President Obama called Boehner a “good man” at a U.N. press conference in New York. “We have obviously had a lot of disagreements and politically we’re at diferent ends of the spectrum,” he said. “He has always conducted himself with courtesy and civility with me. He has kept his word when he made a commitment. He is somebody who has been gracious. Most importantly, he’s somebody who understands that in government and in governance you don’t get 100 percent of what you want.”
Unsurprisingly, many conservatives cheered when the news of Boehner’s impending resignation began to spread. Senator Ted Cruz, one of the lawmakers most intent on shutting down the government if necessary, told his audience at the Values Voter Summit, “Yesterday John Boehner was Speaker of the House. Y’all come to town and somehow that changes. My only request is can you come more often?”
Plenty of his co-workers had nice things to say. Senator Chuck Schumer said in a statement that Boehner “tried to do the right thing under almost impossible circumstances.
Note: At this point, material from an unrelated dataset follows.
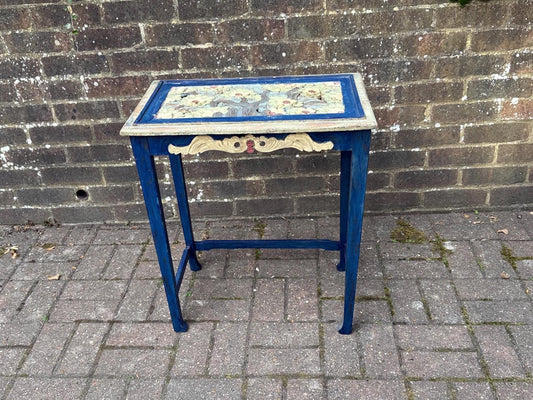 boho chic, hand painted and carved small wooden table in bold and beautiful colours. cobalt blue shabby chic finish on the frame. pastel colours on the top woodland detail. side carvings which look like owl faces, but are not.  rustic and unusual, possibly european.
He will be missed by Republicans and Democrats alike.” Representative Paul Ryan called Boehner a “great leader” and said his resignation was “an act of pure selflessness.” President George W. Bush released a statement saying, “I look forward to many rounds of golf with this good man.”
New York representative Peter King told Newsday that the resignation was “a victory for the crazies. You can’t appease these people.” Senator Mitch McConnell called the news “very, very sad.”
According to the Washington Post, the news was also a surprise to many of his colleagues.
Just a few hours earlier, Boehner had laughed when reporters asked if he planned to resign.
Boehner’s exit is likely going to create congressional chaos next month as several officials jockey for his role in the party — however, it will likely clean up another impending mess.
Many of the conservatives who threatened to shut down the government over Planned Parenthood demands now plan on funding the government, according to the Washington Post. However, the current plan would only fund the government until mid-December — which means the new House speaker might have to deal with a potential shutdown instead.
The House speaker first joined Congress in 1991. One of the highlights of his career happened yesterday, when Pope Francis spoke at the Capitol. Boehner had been inviting pontiffs to come for nearly two decades. In a statement to reporters, his office said, “Speaker Boehner believes that the first job of any Speaker is to protect this institution and, as we saw yesterday with the Holy Father, it is the one thing that unites and inspires us all. … The Speaker believes putting members through prolonged leadership turmoil would do irreparable damage to the institution.”
Boehner had wanted to retire at the end of 2014 — at least until House Majority Leader Eric Cantor lost, a shocking turn of events that “changed that calculation.” Representative Kevin McCarthy became the new House majority leader last year — and is already being mentioned as Boehner’s possible replacement. However, many conservatives — fed up with fighting with party leadership — are going to try and take over, too.
Boehner has always been transparent about how sucky his job could be. Last weekend, he told Politico, “Garbage men get used to the smell of bad garbage. Prisoners learn how to become prisoners, all right?”
This morning, a reporter told Boehner, “Congratulations.” He responded, “Thank you!” When asked if the news took a weight off his shoulders, he added, “It’s a wonderful day.”
This post has been updated throughout.